On Nov. 16, 2010, University of Minnesota Law School Prof. Robert Stein’s (’61) Great Cases course featured distinguished guests who provided personal accounts of one of the most significant events in American history: the Watergate break-in and its aftermath.
Former Vice President Walter Mondale (’56), senior Watergate prosecutor Jill Wine Banks, and Francis O’Brien, chief of staff to Peter Rodino, then House Judiciary Committee chair, shared their perspectives with law students and numerous guests.
The Great Cases course studies 20 U.S. Supreme Court cases that have captured the attention and shaped the history of the nation. The decision of the Supreme Court in U.S. v. Nixon upheld the Order requiring President Nixon to turn over the tapes of conversations in his office and set in motion events that led to the President’s resignation two weeks after the decision.
The Watergate scandal began June 17, 1972, with the break-in at Democratic National Committee headquarters at the Watergate hotel in Washington, D.C. President Richard Nixon resigned Aug. 9, 1974, but repercussions of the event extended for years to come.

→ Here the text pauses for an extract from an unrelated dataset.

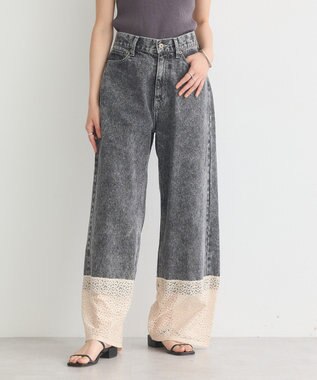 earth music&ecology 裾レースデニムパンツ Black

Mondale was a leader in the U.S. Senate during the Watergate period. He played a key role on the committee formed to examine the abuses of law and power by the U.S. intelligence community and the office of the president that came to light during Watergate investigations (the Senate Select Committee to Study Governmental Operations With Respect to Intelligence Activities, or the "Church Committee"). As a senator and later as vice president, Mondale worked to pass the Foreign Intelligence Surveillance Act of 1978, designed to protect both national security and civil liberties.

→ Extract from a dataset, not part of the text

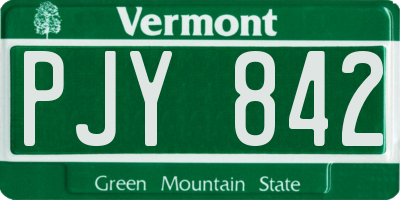 VT license plate PJY842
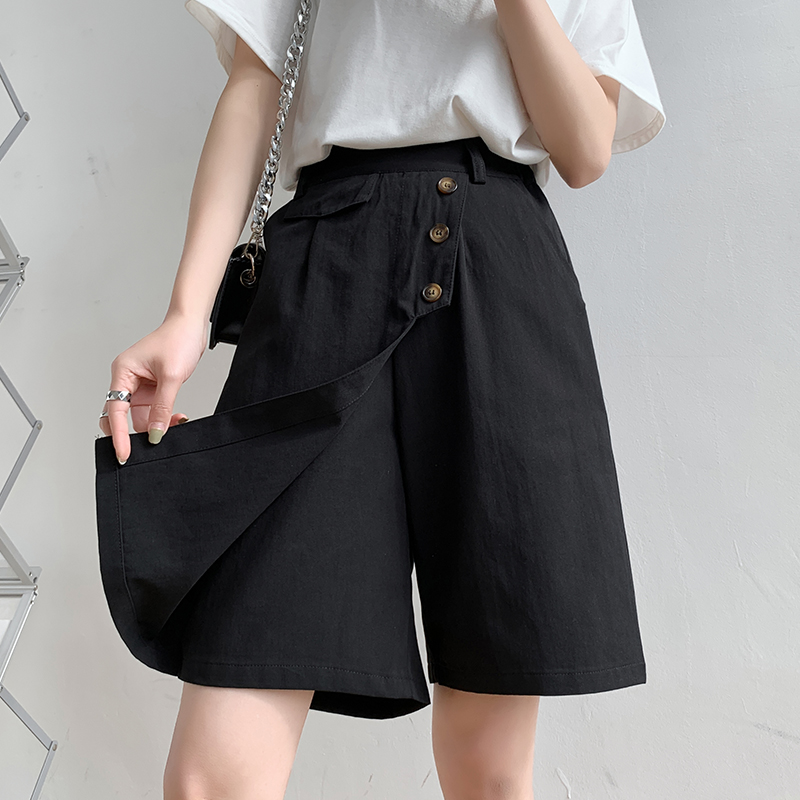 大碼高腰多扣洗水棉五分褲(2色)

Wine Banks was a prosecutor with the U.S. Department of Justice before the Watergate break-in. When the obstruction of justice trial began, she was selected to be one of three assistant special prosecutors on Special Prosecutor Leon Jaworski’s team because of her courtroom talent and record. She became known for her skilled interrogation of Rose Mary Woods regarding the 18-minute gap in a critical Oval Office tape.
O’Brien was chief aid to Rodino, who as chair of the House Judiciary Committee presided over the Nixon impeachment hearings and drawing up of the Articles of Impeachment. In January 1974, O’Brien described for Time magazine the evidence-gathering responsibilities of Committee staff: "We have to take everything that has been given to us, break it down into areas, decide what we have, what it means, whether more is needed, and how we should go about getting any more." O’Brien was Press Secretary to Mondale during the 1976 Presidential campaign and to Geraldine Ferraro during the 1984 Presidential campaign.